Die maritime Industrie in Finnland stellt sich derzeit neu auf. Zum einen muss man auf die veränderten Marktbedingungen reagieren, der[ds_preview] Offshore-Einbruch hat viele Technologieunternehmen und Werften in Bedrängnis gebracht. Zum anderen setzt man auf Zukunftstrends wie Digitalisierung und autonome Schifffahrt (siehe HANSA 03/2017). Chancen für neue Geschäftsmodelle sieht man in Finnland aber nicht nur im digitalen Bereich. Mit neuen Regularien wie der EU Ship Recycling Regulation (EU-SRR) gibt es nun Überlegungen, auch im hohen Norden Schiffe zu verschrotten.

Der EU-Vorgabe entsprechend dürfen europäische Eigner ihre Schiffe unter EU-Flagge nur noch von zertifizierten Betrieben verwerten lassen, das beliebte »Beaching« ist nicht mehr erlaubt, es gibt Vorgaben für Umwelt- und Arbeitsschutz. Die Bestimmungen treten spätestens am 31. Dezember 2018 in Kraft, frühestens sechs Monate, nachdem die Recyclingkapazität der akzeptierten Betriebe mindestens 2,5Mio. LDT pro Jahr beträgt. Die Grundvoraussetzungen können nur Werften mit Trockendock erfüllen.

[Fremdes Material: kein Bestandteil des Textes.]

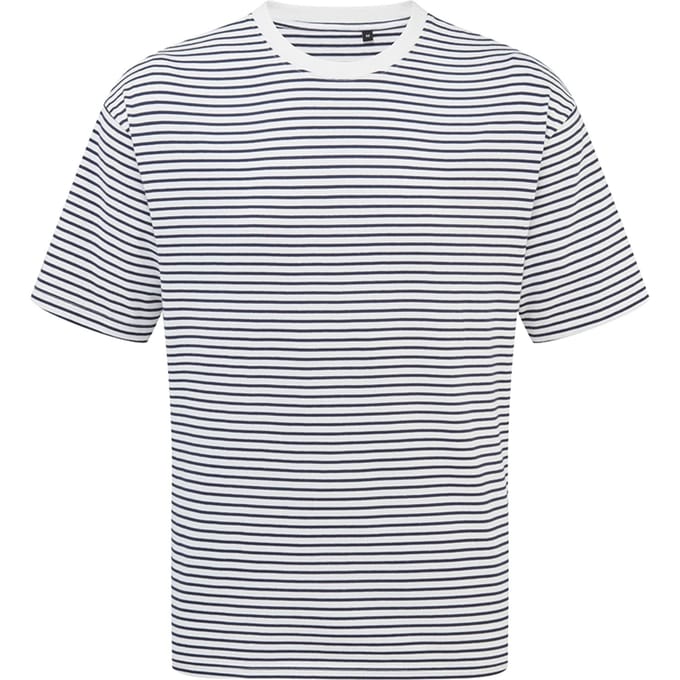 Premier Unisex Volwassen Utility 2.0 Contrast Gestreepte Oversized T-Shirt (Marineblauw/Wit)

Davon erhofft sich zum Beispiel die Turku Repair Yard neue Geschäfte. Die Werft, die zur estnischen BLRT-Gruppe gehört, ist derzeit auf die Reparatur und Wartung fokussiert, nimmt Retrofits oder Lifecycle-Extensions an verschiedensten Schiffstypen vor. Bereits in den 1980ern habe man aber auch Schiffe demontiert, in den 1990ern seien russische Atom-U-Boote in Turku abgewrackt worden, erklärt Juhani Linna.

Der Geschäftsführer von AJL Consulting berät die Werft bei ihren Plänen zum Wiedereinstieg ins Verschrottungsgeschäft. Er ist überzeugt, dass es angesichts der Tonnage, die in den nächsten Jahren verschrottet werden muss, auch mehr Bedarf für Recycling innerhalb Europas geben wird. »Wir haben hier schließlich viel Expertise zu bieten, sowohl was das Recycling verschiedenster Produkte als auch die entsprechende Logistk angeht«, sagt er.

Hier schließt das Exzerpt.